** SOURCE DATA follows **

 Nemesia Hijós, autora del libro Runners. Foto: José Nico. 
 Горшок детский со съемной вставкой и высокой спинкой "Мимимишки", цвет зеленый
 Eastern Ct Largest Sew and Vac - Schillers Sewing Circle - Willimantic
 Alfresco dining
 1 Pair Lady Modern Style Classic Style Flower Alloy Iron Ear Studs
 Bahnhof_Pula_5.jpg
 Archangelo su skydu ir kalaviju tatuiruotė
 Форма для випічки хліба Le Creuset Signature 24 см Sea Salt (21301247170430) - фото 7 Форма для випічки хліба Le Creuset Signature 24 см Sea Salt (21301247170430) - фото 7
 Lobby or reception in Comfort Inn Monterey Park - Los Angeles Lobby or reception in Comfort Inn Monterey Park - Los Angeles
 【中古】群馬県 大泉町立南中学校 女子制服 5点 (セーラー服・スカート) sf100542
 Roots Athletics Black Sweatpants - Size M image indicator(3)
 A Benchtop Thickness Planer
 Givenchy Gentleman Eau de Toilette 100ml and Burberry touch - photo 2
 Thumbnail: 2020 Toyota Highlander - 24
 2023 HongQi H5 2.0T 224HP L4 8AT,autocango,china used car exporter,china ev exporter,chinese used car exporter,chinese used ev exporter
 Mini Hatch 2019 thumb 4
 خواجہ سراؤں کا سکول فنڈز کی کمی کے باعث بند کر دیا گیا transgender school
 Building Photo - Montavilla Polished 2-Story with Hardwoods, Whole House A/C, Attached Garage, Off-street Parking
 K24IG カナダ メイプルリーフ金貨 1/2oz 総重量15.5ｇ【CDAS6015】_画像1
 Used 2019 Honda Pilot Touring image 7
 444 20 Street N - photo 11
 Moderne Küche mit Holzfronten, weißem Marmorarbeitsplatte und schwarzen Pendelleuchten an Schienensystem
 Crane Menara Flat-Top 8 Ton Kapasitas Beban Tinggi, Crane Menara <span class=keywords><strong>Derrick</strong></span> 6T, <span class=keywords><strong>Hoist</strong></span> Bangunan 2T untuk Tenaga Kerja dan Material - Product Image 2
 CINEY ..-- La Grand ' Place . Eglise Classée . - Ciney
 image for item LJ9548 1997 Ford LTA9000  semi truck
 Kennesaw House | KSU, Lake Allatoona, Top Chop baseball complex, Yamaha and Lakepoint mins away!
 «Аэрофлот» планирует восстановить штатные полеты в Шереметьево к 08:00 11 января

** End of SOURCE DATA **

Set down only these lines, exactly: the one containing "Los Angeles Lobby" and each line after it through the end of the entries above.

**SOLUTION TO THIS PROBLEM:**
 Lobby or reception in Comfort Inn Monterey Park - Los Angeles Lobby or reception in Comfort Inn Monterey Park - Los Angeles
 【中古】群馬県 大泉町立南中学校 女子制服 5点 (セーラー服・スカート) sf100542
 Roots Athletics Black Sweatpants - Size M image indicator(3)
 A Benchtop Thickness Planer
 Givenchy Gentleman Eau de Toilette 100ml and Burberry touch - photo 2
 Thumbnail: 2020 Toyota Highlander - 24
 2023 HongQi H5 2.0T 224HP L4 8AT,autocango,china used car exporter,china ev exporter,chinese used car exporter,chinese used ev exporter
 Mini Hatch 2019 thumb 4
 خواجہ سراؤں کا سکول فنڈز کی کمی کے باعث بند کر دیا گیا transgender school
 Building Photo - Montavilla Polished 2-Story with Hardwoods, Whole House A/C, Attached Garage, Off-street Parking
 K24IG カナダ メイプルリーフ金貨 1/2oz 総重量15.5ｇ【CDAS6015】_画像1
 Used 2019 Honda Pilot Touring image 7
 444 20 Street N - photo 11
 Moderne Küche mit Holzfronten, weißem Marmorarbeitsplatte und schwarzen Pendelleuchten an Schienensystem
 Crane Menara Flat-Top 8 Ton Kapasitas Beban Tinggi, Crane Menara <span class=keywords><strong>Derrick</strong></span> 6T, <span class=keywords><strong>Hoist</strong></span> Bangunan 2T untuk Tenaga Kerja dan Material - Product Image 2
 CINEY ..-- La Grand ' Place . Eglise Classée . - Ciney
 image for item LJ9548 1997 Ford LTA9000  semi truck
 Kennesaw House | KSU, Lake Allatoona, Top Chop baseball complex, Yamaha and Lakepoint mins away!
 «Аэрофлот» планирует восстановить штатные полеты в Шереметьево к 08:00 11 января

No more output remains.